L’environnement et la protection de la santé feront-ils les frais de la simplification ?
L’environnement et la protection de la santé feront-ils les frais de la simplification ?
L’exemple des terres excavées
Par Ann-Philippe de la Giraudière
Avocat au Barreau de Paris, cabinet Fauvet, La Giraudière et Associés
Depuis plusieurs mois, le ministère de la transition écologique et solidaire (MTES) cherche à faire sortir les terres excavées de leur statut de déchet au nom du développement de l’économie circulaire. Après plusieurs tentatives infructueuses dans différents véhicules législatifs, c’est finalement un arrêté ministériel qui devrait voir le jour dans quelques semaines.
Posé ainsi, le problème peut paraître d’emblée hermétique ou réservé aux seuls initiés. Il n’en est rien. Ce changement de statut juridique nous concerne tous en réalité car il en va de la protection de l’environnement et des atteintes potentielles à la santé humaine qui en découlent.
Aménageurs, collectivités locales, Etat, associations, tous sont concernés par une réforme prête à passer en catimini par voie réglementaire et qui vise à transférer des pans entiers de la police de l’environnement – une compétence éminemment régalienne – à une gestion contractualisée entre opérateurs privés sans garanties sérieuses de contrôle ni de traçabilité. C’est ce que le Gouvernement appelle « instaurer de la circularité entre professionnels » …pour mieux se désengager ou transférer la compétence de contrôle vers les maires qui y sont peu ou pas préparés, notamment en milieu rural ou péri-urbain.
De quoi s’agit-il exactement ?
Les terres excavées proviennent de l’activité de déconstruction-construction-aménagement du BTP. Ces terres sont à l’heure actuelle juridiquement considérées comme des déchets. Elles en représentent 40% du volume total. Cette qualification impose des modalités de traçabilité et de responsabilité jugées contraignantes par certains opérateurs de BTP lorsqu’il est question de faire quitter ce statut de déchet pour le valoriser économiquement et lui rendre sa qualité de produit.
Dans le droit actuel, leur réemploi ou leur valorisation pour des opérations d’aménagement ou de construction est soumis obligatoirement à une procédure de sortie du régime juridique du statut de déchet (SSD), via un traitement par une installation classée, ICPE ou IOTA. C’est cette procédure de sortie qui permet de garantir l’innocuité environnementale et sanitaire des terres destinées à être réutilisées.

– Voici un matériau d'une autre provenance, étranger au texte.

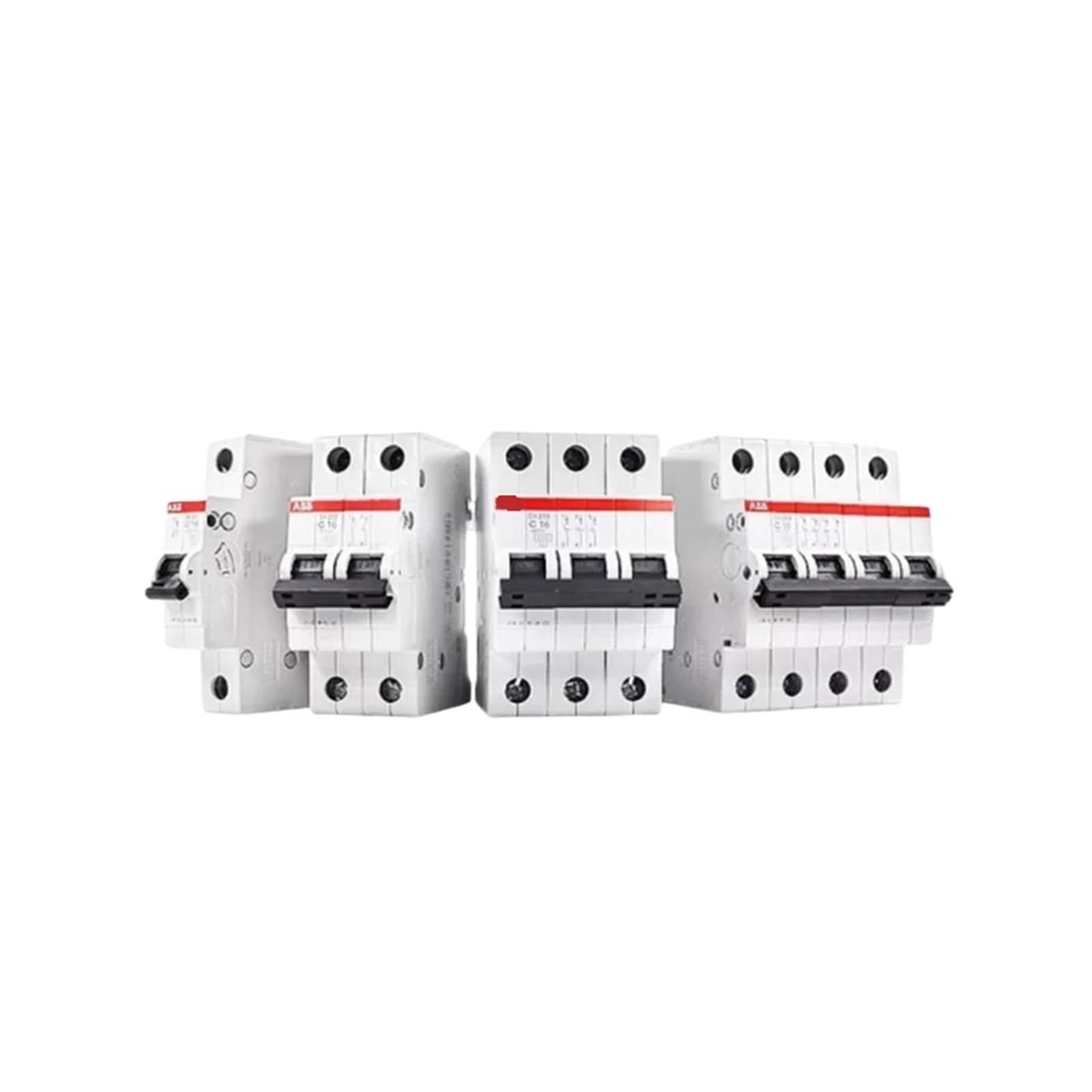 Disjoncteur Miniature SH200-D tableau électrique courbe D 25A modulaire monophasé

Selon l’administration, continuer à qualifier de déchet les terres excavées rend difficile leur valorisation surtout au moment où des volumes très importants de terres excavées vont faire l’objet de projets ambitieux d’aménagement comme par exemple celui du Grand Paris.
L’administration propose donc de faire perdre ab initio le statut de déchet aux terres excavées, et donc d’éviter la procédure de sortie avec passage en installation classée, lorsqu’il est prévu de réemployer les terres sorties de leur excavation en génie civil ou en aménagement.
En apparence, tous les clignotants sont au vert : primauté du contrat sur la loi, développement de l’économie circulaire, simplification, baisse des coûts.
Pourtant, avec un tel projet, tout repose désormais sur la vertu des professionnels – le maître d'ouvrage du site d'excavation et l’aménageur – ainsi que sur le contrôle aléatoire des autorités publiques (probablement municipales)… mais sans réelle traçabilité des terres.
Or, la traçabilité est essentielle pour déterminer les responsabilités le cas échéant en cas de pollution avérée.
Et sans peur du gendarme ou sans « contrôle technique » obligatoire, nous sommes confrontés à un risque systémique de fraude à grande échelle et des trafics de terres dans lesquels pourront se nicher les mafias comme en Calabre ou au Royaume-Uni, sans réelle capacité de riposte des pouvoirs publics nationaux ou locaux puisque toute traçabilité aura disparu.
Alors que les élections européennes ont montré l’importance que revêt l’enjeu écologique pour nos concitoyens, la légèreté des pouvoirs publics sur le sujet étonne…
On voit bien que le point d’équilibre est difficile à déterminer entre rapport qualité-prix du processus de valorisation et maintien de standards élevés de protection de l’environnement et de la santé humaine.
Il ne semble manifestement pas encore atteint.
Il appartient donc au législateur d’en débattre de manière contradictoire au Parlement. Le projet de loi sur l’économie circulaire bientôt présenté en conseil des ministres nous en donne justement l’occasion.